The present case does not involve an agrarian dispute
Moreover, the Court finds that the present case does not involve an agrarian dispute. Section 3(d) of Republic Act No. 6657[53] defines “agrarian dispute” as follows:
Agrarian Dispute refers to any controversy relating to tenurial arrangements, whether leasehold, tenancy, stewardship or otherwise, over lands devoted to agriculture, including disputes concerning farmworkers’ associations or representation of persons in negotiating, fixing, maintaining, changing, or seeking to arrange terms or conditions of such tenurial arrangements. It includes any controversy relating to compensation of lands acquired under this Act and other terms and conditions of transfer of ownership from landowners to farmworkers, tenants and other agrarian reform beneficiaries, whether the disputants stand in the proximate relation of farm operator and beneficiary, landowner and tenant, or lessor and lessee.[54]
An important element of an agrarian dispute is the existence of a tenancy relation between the parties. In Bumagat v. Arribay,[55] the Court has held:
A case involving agricultural land does not immediately qualify it as an agrarian dispute. The mere fact that the land is agricultural does not ipso facto make the possessor an agricultural lessee or tenant; there are conditions or requisites before he can qualify as an agricultural lessee or tenant, and the subject matter being agricultural land constitutes simply one condition. In order to qualify as an agrarian dispute, there must likewise exist a tenancy relation between the parties.[56] (Emphasis supplied)
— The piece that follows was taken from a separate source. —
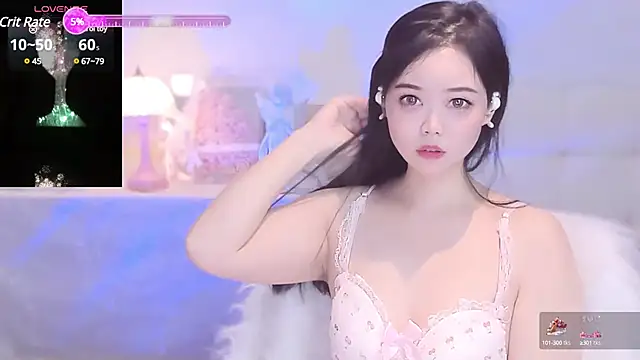 lilies-sweet online show from 16, 3, 2025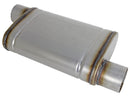 aFe MACH FORCE-Xp Muffler – ID Offset / Offset x H x W x L Oval Body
In Bumagat, the Court has enumerated the elements of an agrarian dispute as follows:that the parties are the landowner and the tenant or agricultural lessee; that the subject matter of the relationship is an agricultural land; that there is consent between the parties to the relationship; that the purpose of the relationship is to bring about agricultural production; that there is personal cultivation on the part of the tenant or agricultural lessee; and that the harvest is shared between the landowner and the tenant or agricultural lessee.[57]Still in Bumagat, the Court declared that there is no agrarian dispute because not all of the aforementioned elements are present. Particularly, there is no tenant, as both parties claim ownership over the property.[58] In the present case, not all requisites were met, since none of the parties are tenants, as they both claim to be owners of the same parcels of land. Domingo, Jr. et al. claim ownership based on their Transfer Certificates of Title issued pursuant to emancipation patents granted in their favor.[59] On the other hand, Ordonio, Jr. et al. claim ownership based on a previous DARAB decision cancelling Domingo, Jr. et al.’s emancipation patents.[60] Thus, this case does not involve an agrarian dispute. The regular courts have jurisdiction over the action for forcible entry filed by Domingo, Jr. et al. involving the subject parcels of land. Finally, the Court cannot ignore the October 10, 2004 Decision of the DARAB in Case No. XII 623-SK-96, which Domingo et al. are trying to question long after its promulgation. Absent any proof that this final Decision has been set aside, the Court must give it respect and binding effect. ACCORDINGLY, the Petition is GRANTED. The Decision, dated January 27, 2023, and the Resolution, dated September 14, 2023, of the Court of Appeals, Cagayan de Oro City in CA-G.R. SP NO. 10742-MIN are REVERSED. The Judgment, dated February 19, 2021, of Branch 20, Regional Trial Court, Tacurong City in Civil Case No. 963 (19), and the Decision, dated July 18, 2019, of the Municipal Circuit Trial Court, Lutayan-Columbio in Special Civil Action No. 013-La, granting the Complaint for Forcible Entry filed by Ernesto Domingo, Jr. et al., are REINSTATED. SO ORDERED. Inting** (Acting Chairperson), Gaerlan, and Dimaampao, JJ., concur. Caguioa* (Chairperson), J., on official business.